Your task is to retype, word for word, the lines from the start of the data through the line holding "Going to switch". Do not include the pictures.
*** Block opens ***
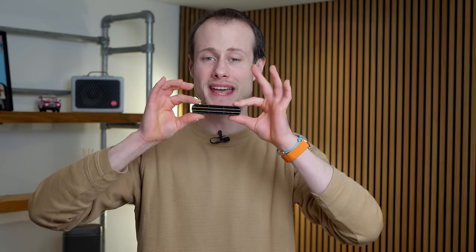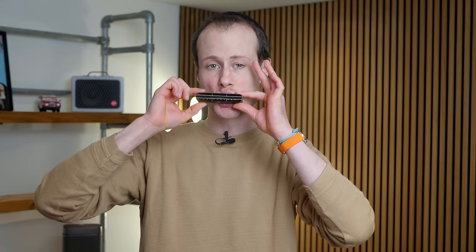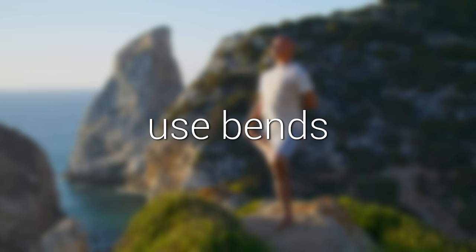Always shape your tone with your hands, don't just play it open. Otherwise it's gonna sound thin. The next thing, and this is a proper harmonica-ism, is the bends.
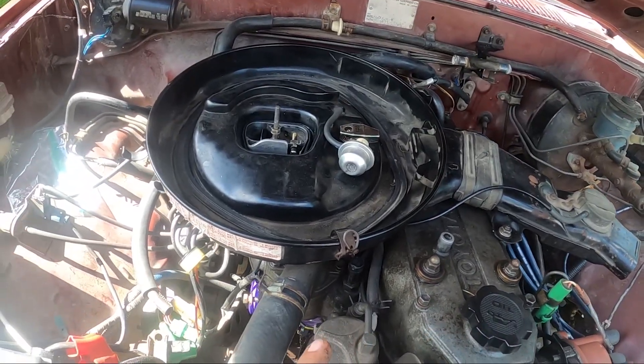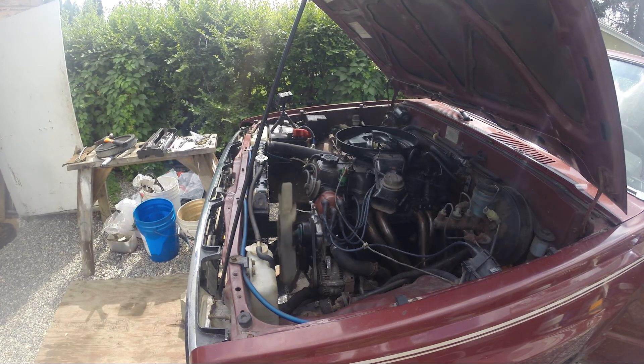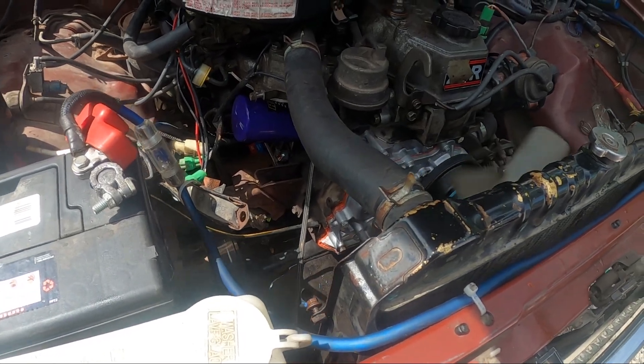Going to switch over to the Hero 3 Plus because we're actually going to crank it to get the oil and stuff moving. Then we're going to crank it and see if anything's leaking, and if not, we're going to see if we can time it and get the timing right on it.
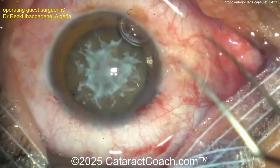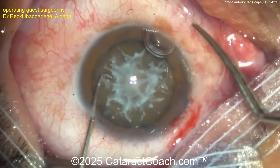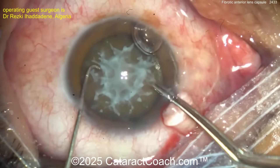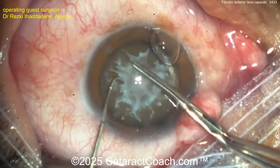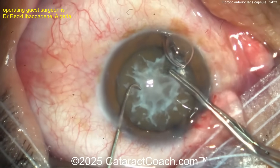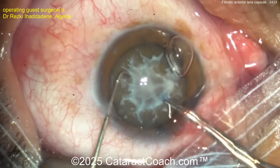It looks like topical anesthesia. In a case like this I'd be tempted to do Tenon's or peribulbar or something else. Fixating now — left hand, right hand going in with the capsule forceps. Getting that rhexis — look at that, it's almost getting stuck.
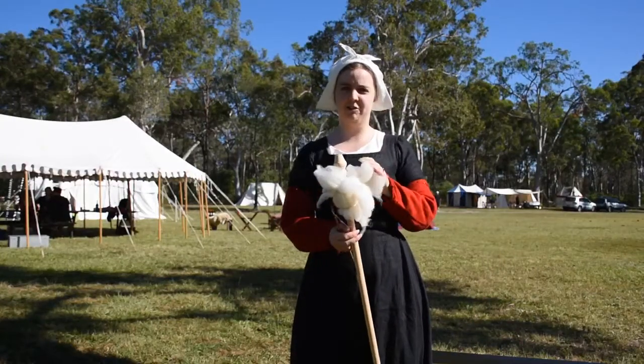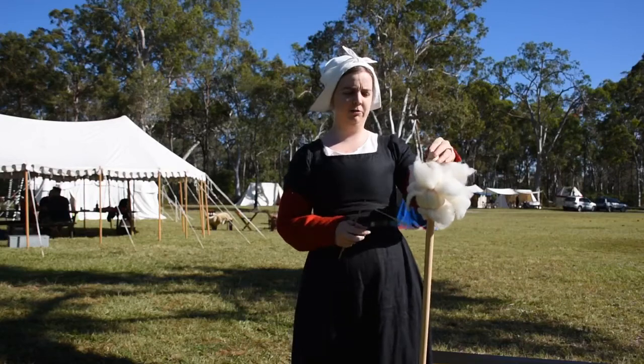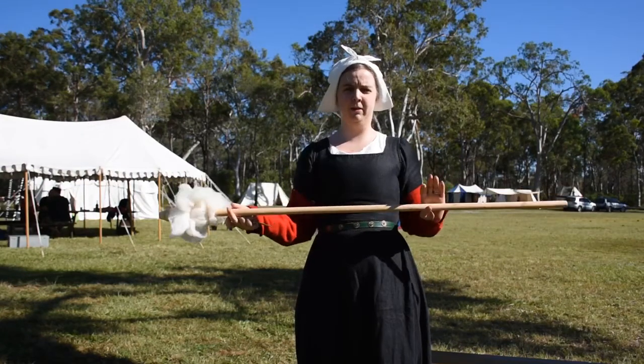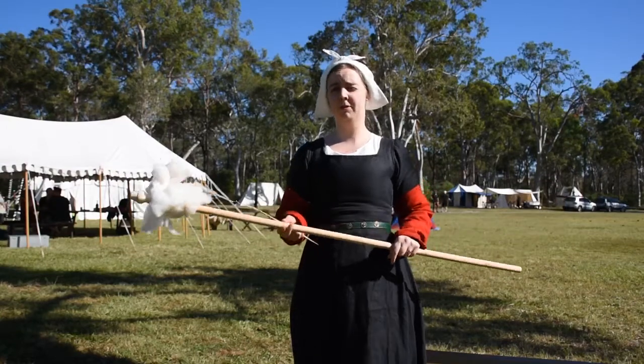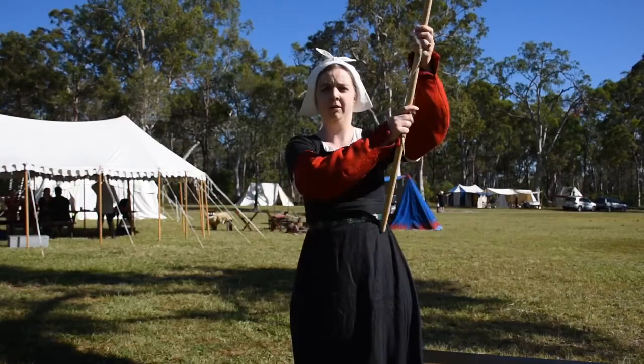Hi, welcome to 15th Century Spinning. Today on the Facebook group, Evangelical Church of Distaff Spinning, Cynthia asked how to spin with a distaff in your belt. So I thought it would be easier to do a quick video than to explain.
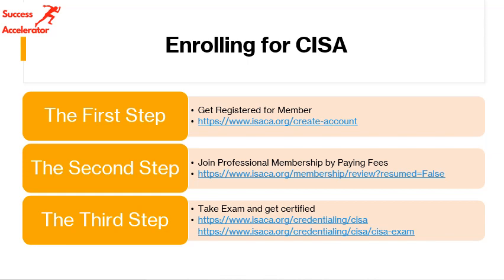The first step is a very simple one — you need to go to ISACA and create your account. Just go to isaca.org, create your account and get it ready. It will hardly take you any time. The process you need to follow is: go to the site isaca.org and create your account.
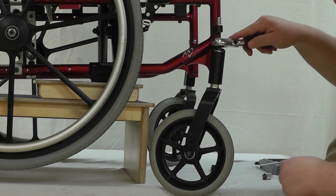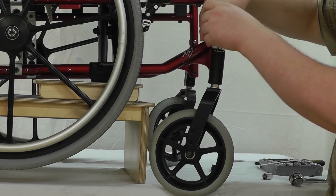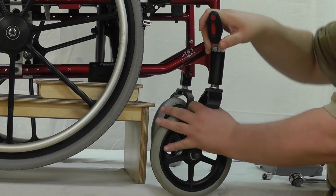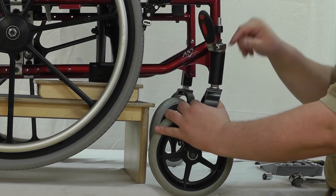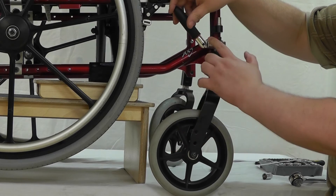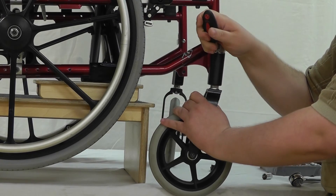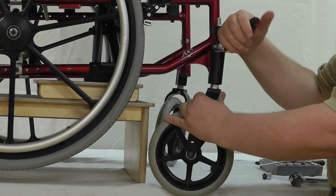Standard socket — pop that in. A deep well socket would probably be better, but you have to worry about your clearances here. An adjustable-neck wrench like this one — it's a Husky — works out pretty good, and you have a limited range to work with.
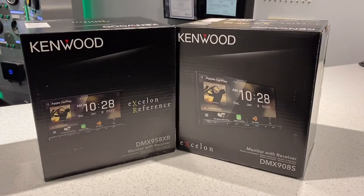Hey everyone, today at the shop I wanted to talk to you about the Kenwood DMX 958XR versus the Kenwood DMX 908S. These two models are very similar but have a very subtle and important difference.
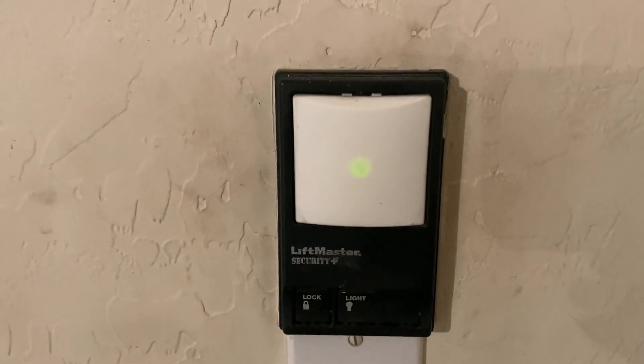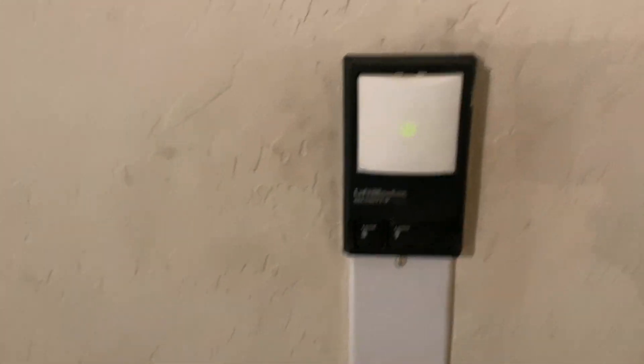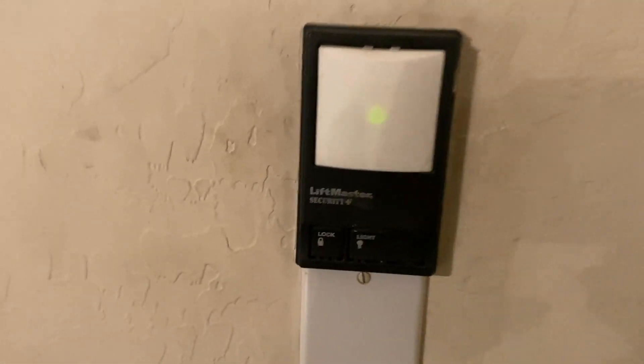The connection has been reliable from the opener to the garage door. That would be a really big issue if it wasn't connecting properly — it would just be annoying and a hassle to fix. This works really well with the LiftMaster to open the garage door, and I've enjoyed this technology thus far.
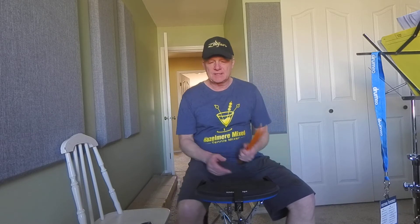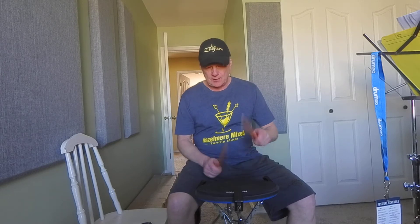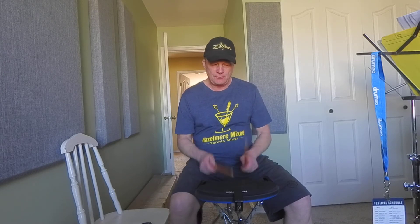I just wanted to do another video on a great rudiment called a six stroke roll, and that's what I was demonstrating in the beginning. The six stroke roll sticking is right left left right right left — so one, two, three, four, five, six — there's your six strokes.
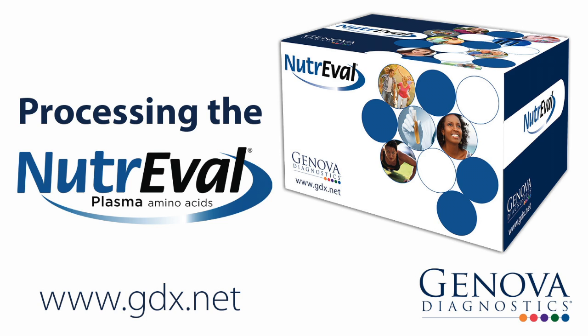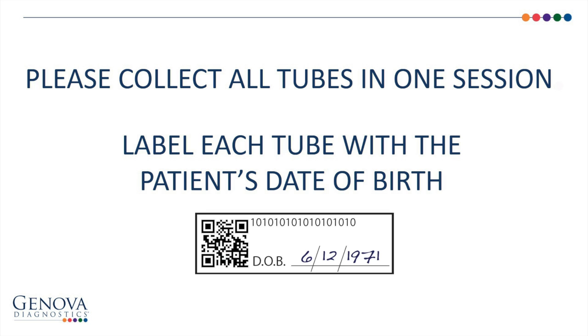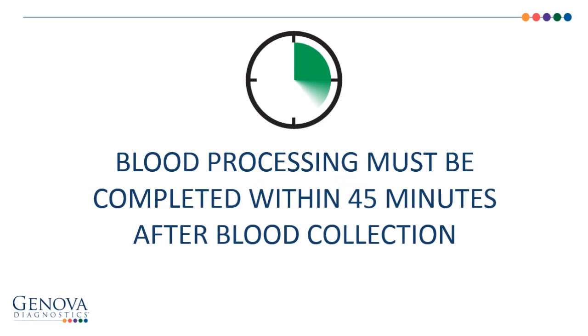How to Collect and Process Samples for the NeutraVal Plasma Test. Please collect all of the tubes in one session and label each tube with the patient's date of birth. Please note that all blood processing steps must be completed within 45 minutes after the blood collection.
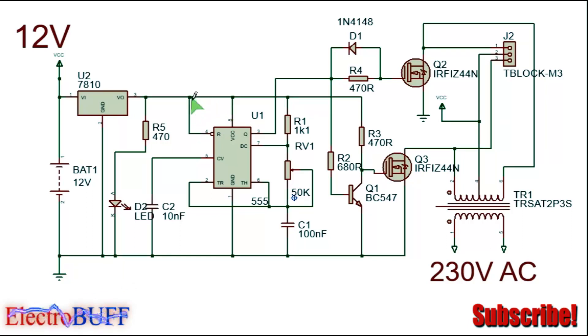Pin 4 and 8 are connected to the power supply, pin 1 is ground, and pins 2 and 6 are connected together and to ground through the timing capacitor. Connect pin 5 to ground through a 10 nanofarad capacitor. Pin 7 is the discharge pin.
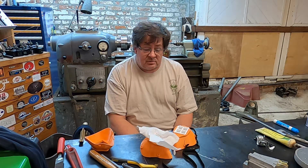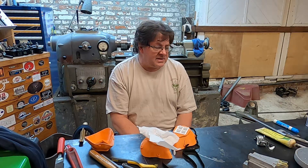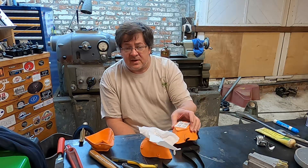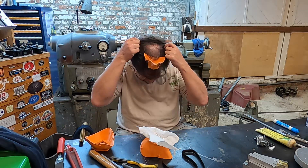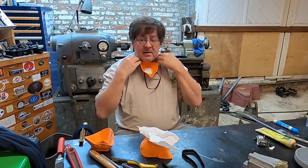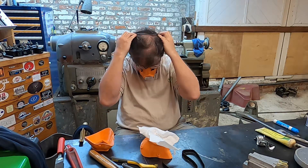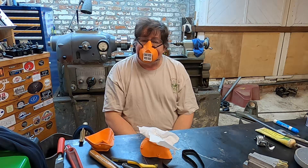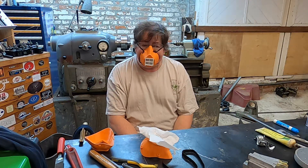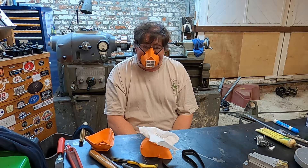So there you go — better than nothing. Again, I don't want to debate whether masks help or don't help. If nothing else, it'll keep me from touching my face and maybe remind me to maintain my social distancing. Anyway, be safe in the shop — I'll be back with you soon.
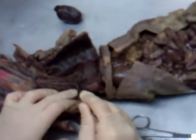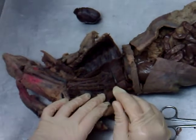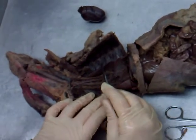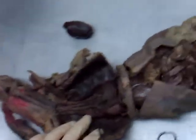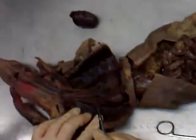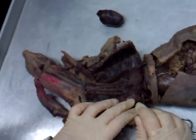Here is the trachea going all the way down. The trachea branched right here into the two bronchi — a left bronchus and a right bronchus. The mink's left lung has two lobes: a superior lobe and an inferior lobe. The right lung had four lobes: superior, middle, inferior, and the cardiac lobe.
*** Block closes ***
RESULT OF THE EXERCISE
Always shape your tone with your hands, don't just play it open. Otherwise it's gonna sound thin. The next thing, and this is a proper harmonica-ism, is the bends.
Going to switch over to the Hero 3 Plus because we're actually going to crank it to get the oil and stuff moving. Then we're going to crank it and see if anything's leaking, and if not, we're going to see if we can time it and get the timing right on it.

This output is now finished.